Aim of the task: Transcribe the listing below word for word but skip its images.

Input data:
====
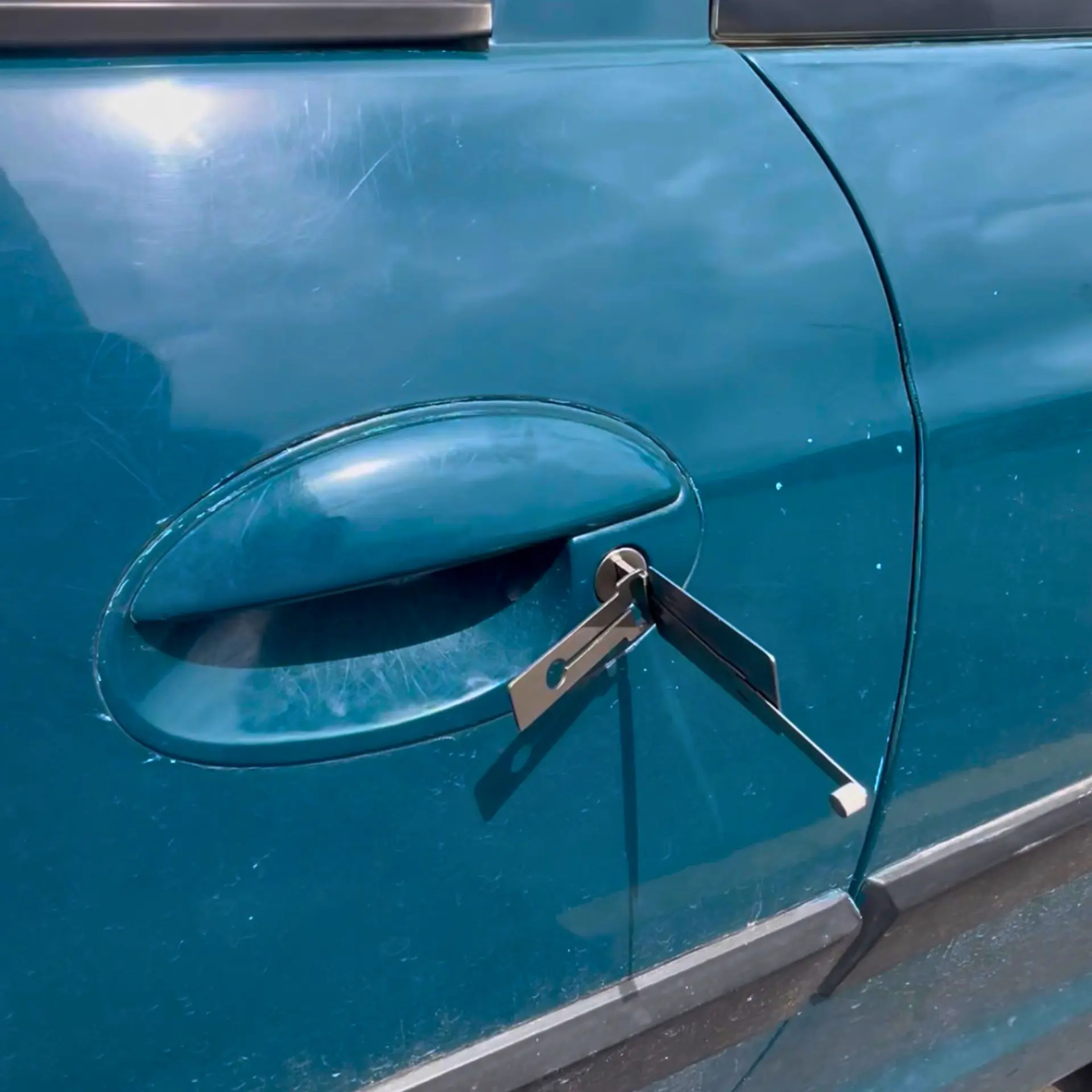 Ferramenta de chaveiro automotivo inserida na fechadura da porta de um veículo
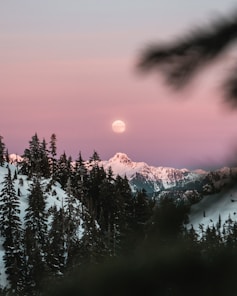 the sun is setting over a snowy mountain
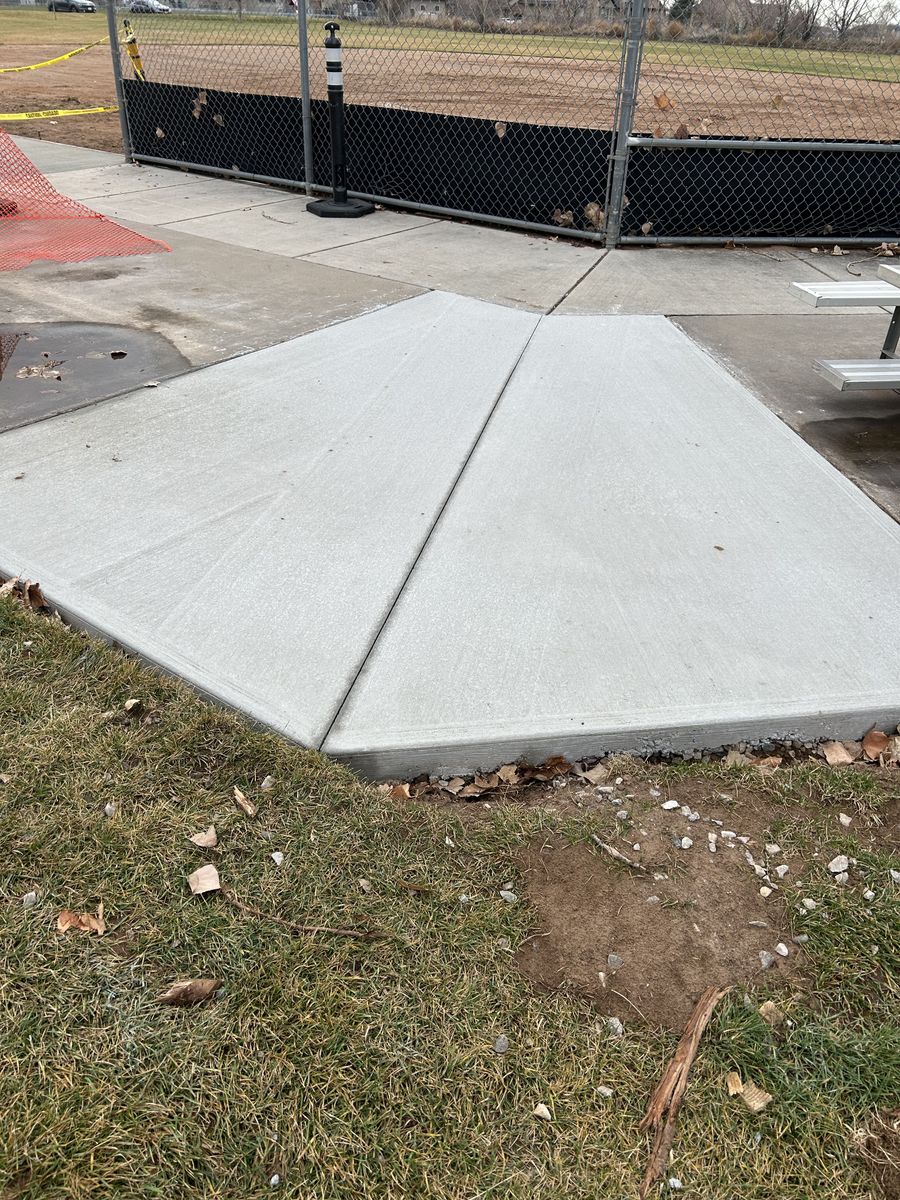 Sidewalk Installation for TNT Concrete and Construction in Roy, UT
====
Task solution:
 Ferramenta de chaveiro automotivo inserida na fechadura da porta de um veículo
 the sun is setting over a snowy mountain
 Sidewalk Installation for TNT Concrete and Construction in Roy, UT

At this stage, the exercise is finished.